References - My Code School
Binary Tree
Binary tree is a special tree where a tree can have at most 2 children.
This means that a tree can have 0, 1 or 2 children, and still it can be a valid binary tree. So, based on this definition, all of these are valid binary trees.
For a binary tree, maximum number of nodes at level 'n' is 2^n.
Types of Binary Trees:
- Strict / Proper / Full Binary Tree
- Complete Binary Tree
- Perfect Binary Tree
- Balanced Binary Tree
Strict / Proper / Full Binary Tree
Strict or Proper Binary Tree is defined as a tree where each node can have either 0 or 2 children.
Complete Binary Tree
A complete binary tree is a binary tree in which every level, except possibly the last, is completely filled, and all nodes are as far left as possible. The tree shown below is a complete binary tree as all the nodes are as far left as possible.
A complete binary tree always contains between 1 and 2^(n-1) nodes at the last level 'n'.
Perfect Binary Tree
A perfect binary tree is a binary tree in which all nodes have two children and all leaves have the same depth or same level.
Technically, a perfect binary tree is always a complete binary tree and a full / strict / proper binary tree.
Properties of Perfect Binary Tree
Since there can be maximum 2 child nodes for any given node, there can be maximum 2^n number of nodes at 'n' level.
So, for a tree with height 'h', number of nodes = 2^0 + 2^1 + 2^2 + ..... + 2^h = [2^(h+1)] -1.
- Maximum number of nodes in a binary tree with height 'h' = [ 2 ^ (h+1) ] - 1
- Height of a perfect binary tree with 'n' nodes = [ log with base 2 of (n + 1) ] - 1. i.e. log(n)
- Height of a complete binary tree with 'n' nodes = log with base 2 of n. i.e. log(n)
Cost of operations on a tree depends on height of a tree. i.e. search, insert, delete operations are directly proportional to the height of a tree.
The height of a tree is minimum if the tree is densly populated, i.e. tree is a perfect binary tree or close to complete binary tree. For 'n' nodes, minimum height of a tree can be log(n). So, the best time complexity with trees possible is O(log n).

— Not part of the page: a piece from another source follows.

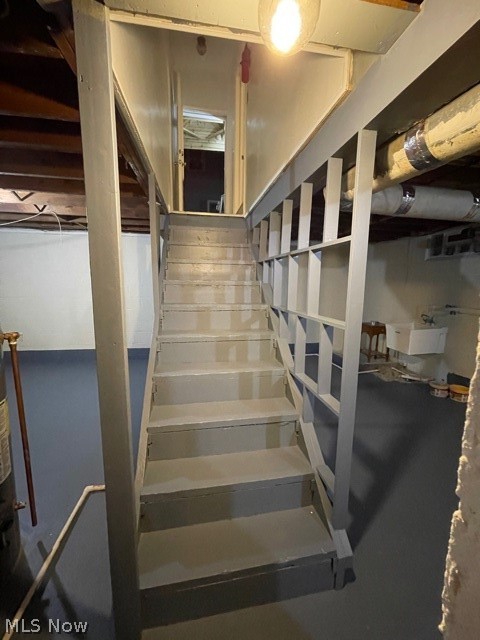 Liberty Park - Residential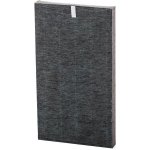 Sharp FZ C150HFE Filtr – Zbozi.Blesk.cz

For sparsely populated tree (which can be a linked list in worst case) the height becomes maximum, so cost of operations also increase. For 'n' nodes, maximum height can be (n-1). So, the worst case time complexity while dealing with trees can be o(n).
Balanced Binary Tree
Because of the above reason, we try to keep the height of a tree as minimum as possible. To do this, we try to keep the binary tree balanced.
A tree is said to be balanced binary tree if the difference between height of left and right subtree for every node is not more than 'k', which is mostly 1. This difference at any node is calculated as:
Difference = | height of left subtree - height of right subtree |